*Task goal*: Until you reach the line containing "Blog wireframe to", reproduce each line of the listing exactly, please, and include that line as well.
:: Information supplied
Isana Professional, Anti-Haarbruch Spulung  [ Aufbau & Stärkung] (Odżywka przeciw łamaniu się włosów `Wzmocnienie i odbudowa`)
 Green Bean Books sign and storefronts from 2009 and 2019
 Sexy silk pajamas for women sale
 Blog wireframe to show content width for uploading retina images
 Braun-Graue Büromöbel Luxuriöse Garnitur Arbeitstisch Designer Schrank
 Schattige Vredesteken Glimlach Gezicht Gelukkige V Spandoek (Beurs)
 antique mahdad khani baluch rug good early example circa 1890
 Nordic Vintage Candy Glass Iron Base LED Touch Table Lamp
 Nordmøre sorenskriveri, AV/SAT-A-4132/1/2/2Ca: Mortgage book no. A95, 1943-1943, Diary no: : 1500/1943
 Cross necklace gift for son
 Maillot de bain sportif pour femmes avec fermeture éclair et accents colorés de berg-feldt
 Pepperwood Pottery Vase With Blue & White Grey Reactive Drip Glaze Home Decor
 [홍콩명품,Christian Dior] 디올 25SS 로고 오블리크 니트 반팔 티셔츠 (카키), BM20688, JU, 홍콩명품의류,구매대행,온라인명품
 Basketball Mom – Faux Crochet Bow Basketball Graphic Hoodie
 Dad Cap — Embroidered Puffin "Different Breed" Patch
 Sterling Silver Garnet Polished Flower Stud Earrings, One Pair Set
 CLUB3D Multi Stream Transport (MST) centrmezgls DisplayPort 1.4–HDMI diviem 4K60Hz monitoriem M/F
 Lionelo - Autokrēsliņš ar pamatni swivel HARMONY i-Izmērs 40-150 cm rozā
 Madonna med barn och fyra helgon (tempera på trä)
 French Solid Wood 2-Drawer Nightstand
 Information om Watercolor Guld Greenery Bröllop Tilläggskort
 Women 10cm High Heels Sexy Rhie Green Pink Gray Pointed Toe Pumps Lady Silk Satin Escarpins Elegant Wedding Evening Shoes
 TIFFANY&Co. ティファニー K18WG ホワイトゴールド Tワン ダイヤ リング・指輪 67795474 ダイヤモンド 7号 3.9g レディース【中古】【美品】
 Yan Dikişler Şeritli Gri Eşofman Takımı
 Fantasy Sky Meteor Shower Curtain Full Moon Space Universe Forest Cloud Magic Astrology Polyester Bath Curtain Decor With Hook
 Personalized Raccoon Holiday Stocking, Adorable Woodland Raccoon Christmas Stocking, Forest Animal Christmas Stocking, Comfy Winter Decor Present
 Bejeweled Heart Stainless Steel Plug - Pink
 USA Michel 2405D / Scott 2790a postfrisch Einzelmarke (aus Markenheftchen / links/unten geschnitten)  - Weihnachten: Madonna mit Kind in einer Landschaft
::::
*Result of this task*:
Isana Professional, Anti-Haarbruch Spulung  [ Aufbau & Stärkung] (Odżywka przeciw łamaniu się włosów `Wzmocnienie i odbudowa`)
 Green Bean Books sign and storefronts from 2009 and 2019
 Sexy silk pajamas for women sale
 Blog wireframe to show content width for uploading retina images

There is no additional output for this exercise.